## SUPPLIED DATA

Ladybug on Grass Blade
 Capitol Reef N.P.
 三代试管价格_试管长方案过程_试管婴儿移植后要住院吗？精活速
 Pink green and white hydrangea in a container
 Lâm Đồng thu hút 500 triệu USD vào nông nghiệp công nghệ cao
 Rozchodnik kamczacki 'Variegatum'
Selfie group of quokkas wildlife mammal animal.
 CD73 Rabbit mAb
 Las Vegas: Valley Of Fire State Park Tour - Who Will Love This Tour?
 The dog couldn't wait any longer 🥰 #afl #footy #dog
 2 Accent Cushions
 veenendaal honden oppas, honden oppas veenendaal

## DIRECTIONS FOR THIS TASK
Every line above needs to be repeated exactly as shown.

## RESULT FOR THIS EXERCISE
Ladybug on Grass Blade
 Capitol Reef N.P.
 三代试管价格_试管长方案过程_试管婴儿移植后要住院吗？精活速
 Pink green and white hydrangea in a container
 Lâm Đồng thu hút 500 triệu USD vào nông nghiệp công nghệ cao
 Rozchodnik kamczacki 'Variegatum'
Selfie group of quokkas wildlife mammal animal.
 CD73 Rabbit mAb
 Las Vegas: Valley Of Fire State Park Tour - Who Will Love This Tour?
 The dog couldn't wait any longer 🥰 #afl #footy #dog
 2 Accent Cushions
 veenendaal honden oppas, honden oppas veenendaal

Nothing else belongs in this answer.